Videos for Section 4.6


Section 4.6 is about a series of tricks for finding eigenvalues and sometimes eigenvectors, but mostly just eigenvalues. Once you know the eigenvalues you can find the eigenvectors by row reduction.:

1. The trace of a matrix is the sum of its diagonal entries. This has the property that $Tr(AB)=Tr(BA)$ for any two square matrices $A$ and $D$. If $A=PDP^{-1}$, then $$Tr(A) = Tr((PD)P^{-1}) = Tr (P^{-1}(PD))=Tr(D),$$ so the trace is the sum of the eigenvalues.

2. The determinant of a matrix isn't nearly as easy to compute as the trace, but it's almost as useful. It also has the property that $\det(AB)=\det(BA)$, so by the same argument as with traces, the determinant equals the product of the eigenvalues. The first video shows how to use traces and determinants to help compute eigenvalues.

3. Scaling a matrix, or adding a multiple of the identity to a matrix, doesn't change the eigenvectors, and does obvious things to the eigenvalues.

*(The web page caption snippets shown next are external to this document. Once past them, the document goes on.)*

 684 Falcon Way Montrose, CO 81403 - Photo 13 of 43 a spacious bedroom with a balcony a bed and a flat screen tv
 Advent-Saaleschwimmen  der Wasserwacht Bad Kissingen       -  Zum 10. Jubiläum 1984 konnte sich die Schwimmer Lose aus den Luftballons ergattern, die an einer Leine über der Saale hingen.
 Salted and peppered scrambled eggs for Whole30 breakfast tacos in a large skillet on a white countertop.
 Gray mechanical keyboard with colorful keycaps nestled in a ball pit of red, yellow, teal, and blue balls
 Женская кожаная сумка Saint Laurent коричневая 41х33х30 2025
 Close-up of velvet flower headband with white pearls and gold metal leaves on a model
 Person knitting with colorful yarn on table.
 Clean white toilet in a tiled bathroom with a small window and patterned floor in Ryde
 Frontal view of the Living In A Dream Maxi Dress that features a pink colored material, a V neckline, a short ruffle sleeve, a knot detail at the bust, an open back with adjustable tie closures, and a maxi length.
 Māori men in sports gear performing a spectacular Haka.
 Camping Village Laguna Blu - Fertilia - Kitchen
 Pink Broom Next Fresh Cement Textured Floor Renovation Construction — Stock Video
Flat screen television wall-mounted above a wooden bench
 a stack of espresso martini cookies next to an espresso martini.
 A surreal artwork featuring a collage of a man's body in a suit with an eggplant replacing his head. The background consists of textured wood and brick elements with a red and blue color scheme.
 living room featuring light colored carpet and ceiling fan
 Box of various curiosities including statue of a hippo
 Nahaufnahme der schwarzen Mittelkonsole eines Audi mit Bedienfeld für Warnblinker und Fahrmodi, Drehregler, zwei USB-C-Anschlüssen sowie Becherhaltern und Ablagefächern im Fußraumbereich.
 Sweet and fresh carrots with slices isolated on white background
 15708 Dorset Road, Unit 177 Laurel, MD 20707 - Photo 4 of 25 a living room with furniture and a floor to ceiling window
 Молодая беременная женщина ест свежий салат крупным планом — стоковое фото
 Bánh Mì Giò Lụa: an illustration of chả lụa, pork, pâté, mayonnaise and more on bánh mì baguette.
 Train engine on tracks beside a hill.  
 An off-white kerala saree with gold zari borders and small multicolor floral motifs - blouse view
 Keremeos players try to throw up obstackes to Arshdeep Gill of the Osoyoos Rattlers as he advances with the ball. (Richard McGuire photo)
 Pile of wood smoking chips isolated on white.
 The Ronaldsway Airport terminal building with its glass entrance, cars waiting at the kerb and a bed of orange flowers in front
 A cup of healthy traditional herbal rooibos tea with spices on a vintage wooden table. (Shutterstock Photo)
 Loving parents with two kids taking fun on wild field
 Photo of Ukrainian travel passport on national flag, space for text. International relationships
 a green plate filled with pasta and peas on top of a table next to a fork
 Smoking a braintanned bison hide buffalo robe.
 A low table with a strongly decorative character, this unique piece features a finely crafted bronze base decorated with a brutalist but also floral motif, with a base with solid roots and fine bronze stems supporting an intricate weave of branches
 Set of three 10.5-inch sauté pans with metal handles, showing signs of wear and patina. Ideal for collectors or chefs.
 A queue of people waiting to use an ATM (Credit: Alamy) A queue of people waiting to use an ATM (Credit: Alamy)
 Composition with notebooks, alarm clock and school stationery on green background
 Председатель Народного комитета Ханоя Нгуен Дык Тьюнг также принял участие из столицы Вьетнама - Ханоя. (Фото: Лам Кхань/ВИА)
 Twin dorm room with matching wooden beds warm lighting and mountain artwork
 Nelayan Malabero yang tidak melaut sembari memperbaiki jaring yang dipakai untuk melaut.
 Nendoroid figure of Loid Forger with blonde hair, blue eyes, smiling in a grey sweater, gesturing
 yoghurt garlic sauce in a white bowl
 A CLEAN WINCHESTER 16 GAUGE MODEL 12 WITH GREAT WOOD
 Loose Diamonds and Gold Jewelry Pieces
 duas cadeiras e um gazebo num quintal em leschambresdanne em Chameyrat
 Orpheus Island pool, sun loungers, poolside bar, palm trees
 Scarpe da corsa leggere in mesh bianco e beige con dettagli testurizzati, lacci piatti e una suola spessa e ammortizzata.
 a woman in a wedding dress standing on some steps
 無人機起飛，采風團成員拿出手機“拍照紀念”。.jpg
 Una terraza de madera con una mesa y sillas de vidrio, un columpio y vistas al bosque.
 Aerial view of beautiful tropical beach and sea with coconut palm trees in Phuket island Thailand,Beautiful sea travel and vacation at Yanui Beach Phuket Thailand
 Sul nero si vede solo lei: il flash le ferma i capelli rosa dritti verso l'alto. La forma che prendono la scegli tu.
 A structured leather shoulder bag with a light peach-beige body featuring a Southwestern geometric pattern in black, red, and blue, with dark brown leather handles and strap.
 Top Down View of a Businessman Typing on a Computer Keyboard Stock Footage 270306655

The eigenvalues of $7A$ are 7 times the eigenvalues of $A$. The eigenvalues of $A + 5I$ are 5 more than the eigenvalues of $A$. The second video shows how to make use of this.

4. A matrix $M$ is called block triangular if it can be partitioned into blocks $M = \begin{pmatrix} A & B \cr C & D \end{pmatrix}$ with $A$ and $D$ square and $B$ and $C$ rectangular, and with either $C=0$ (which we call upper block triangular) or with $B=0$ (lower block triangular). If both $B$ and $C$ are zero, then we say that $M$ is block diagonal. In all of these cases, we have:
i. $p_M(\lambda) = p_A(\lambda) p_D(\lambda)$ and
ii. The eigenvalues of $M$ are the eigenvalues of $A$ and the eigenvalues of $D$.
(Note: my use of the letters $A,B,C,D$ here is a little different from that of the book.)
If $M$ is block diagonal, we can get the eigenvectors of $M$ easily from the eigenvectors of $A$ and $D$. If $M$ is only block triangular, then some of the eigenvectors are easy to find, while others are harder. The third video is all about block triangular and block diagonal matrices.

5. A row sum is the sum of the entries in a row. If all of the row sums are the same, or if all of the column sums are the same, then this common value is an eigenvalue. This comes up frequently in probability, and is explained in the last video.